-- Material for this exercise --

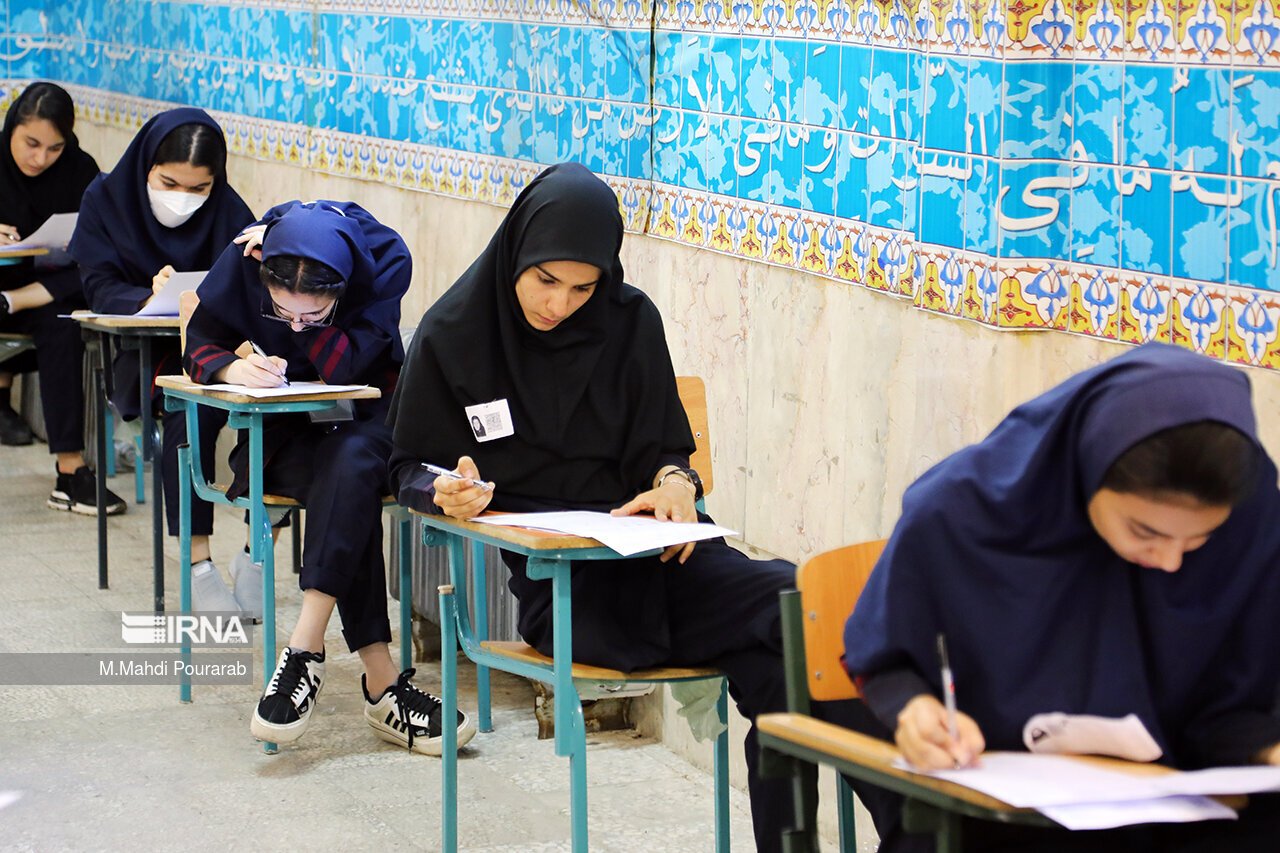 اختلال در سیستم دریافت کارت جلسه؛ دانش آموزان برای امتحانات نهایی آماده بودند، اما نه برای آموزش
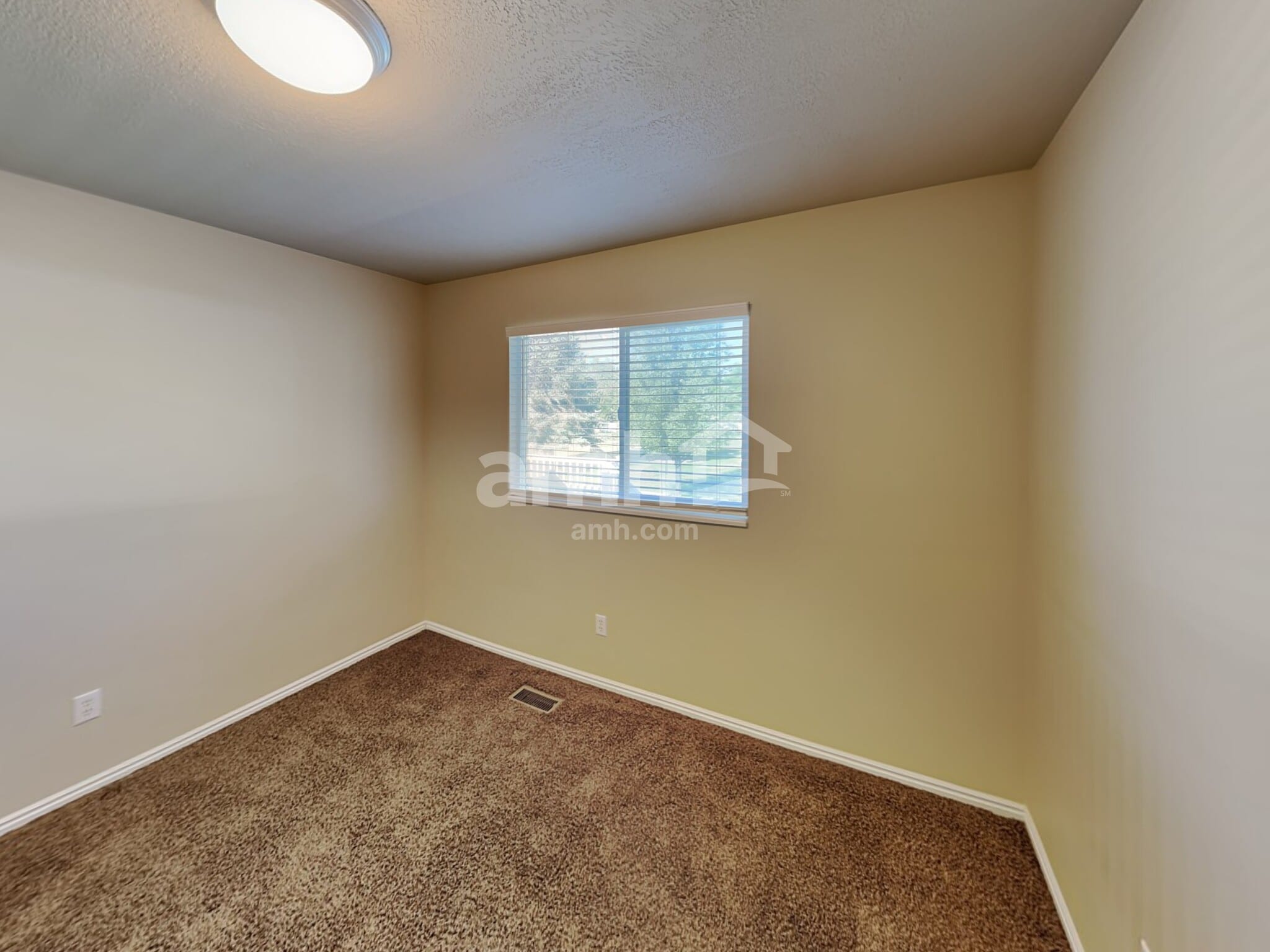Building Photo - 747 N 600 W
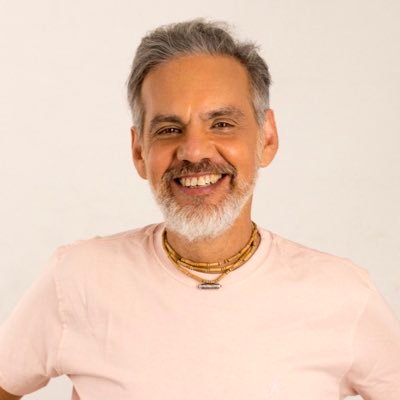 🎙Periodista @Madeinparaguay 🌳Defensor de la Madre Tierra 💍Casado @takuariju 👨👦 Papá de cuatro soles. Bloqueo a los haters.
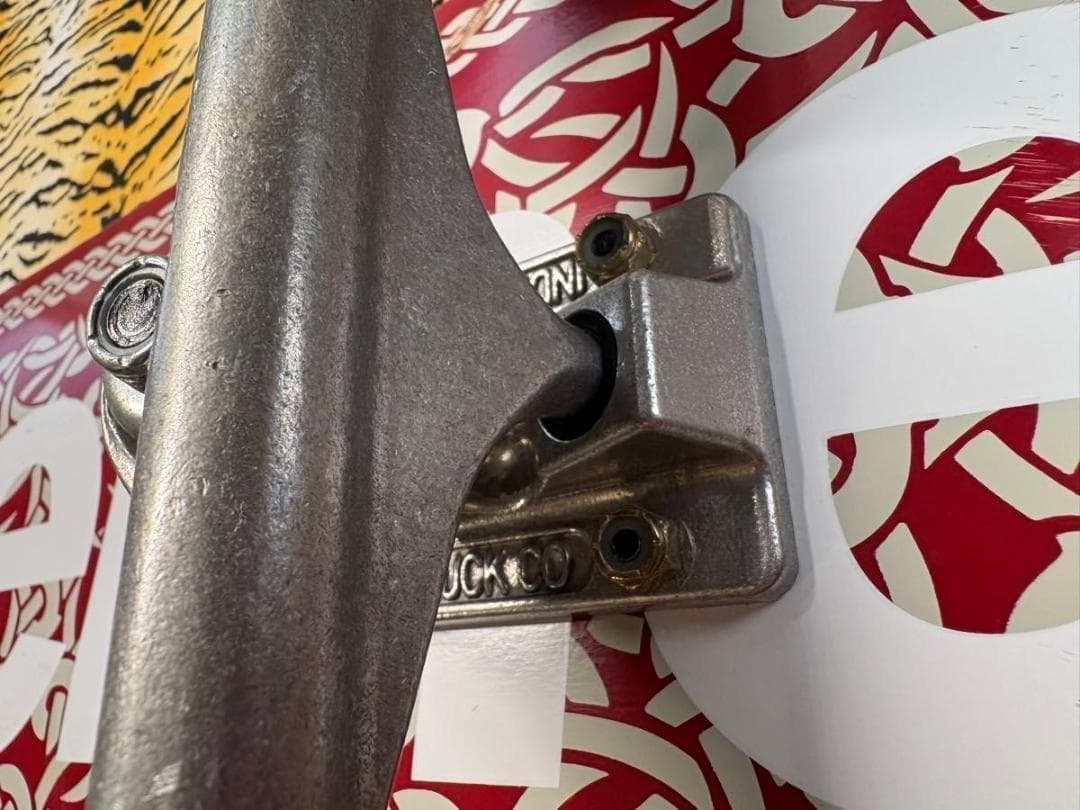 最終値下げ すぐ滑れます　Supreme コンプリートセット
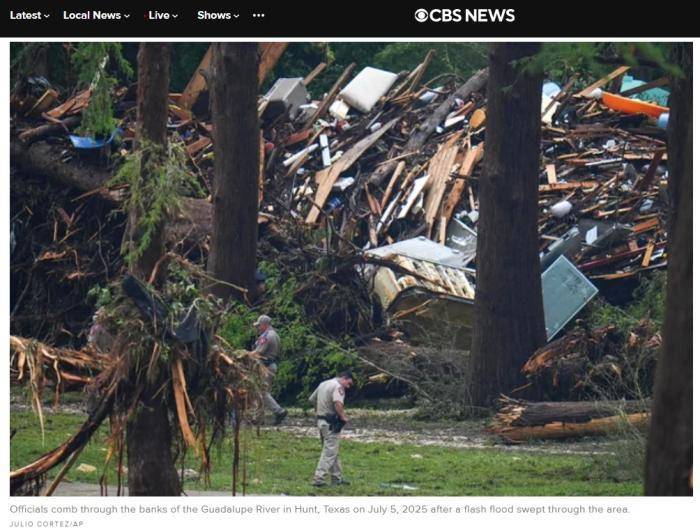美国得州洪灾已导致104人死亡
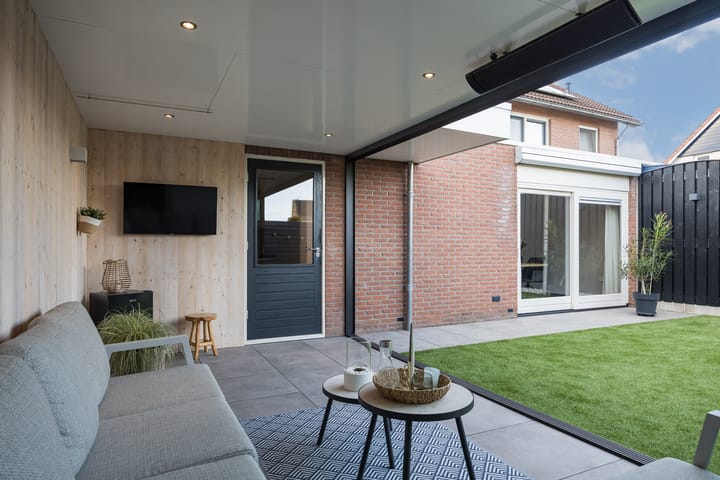 Photo 31 of van Loostraat 6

-- Problem details --
Your copy should match every record exactly and contain no pictures.

-- Answer space --
 اختلال در سیستم دریافت کارت جلسه؛ دانش آموزان برای امتحانات نهایی آماده بودند، اما نه برای آموزش
Building Photo - 747 N 600 W
 🎙Periodista @Madeinparaguay 🌳Defensor de la Madre Tierra 💍Casado @takuariju 👨👦 Papá de cuatro soles. Bloqueo a los haters.
 最終値下げ すぐ滑れます　Supreme コンプリートセット
美国得州洪灾已导致104人死亡
 Photo 31 of van Loostraat 6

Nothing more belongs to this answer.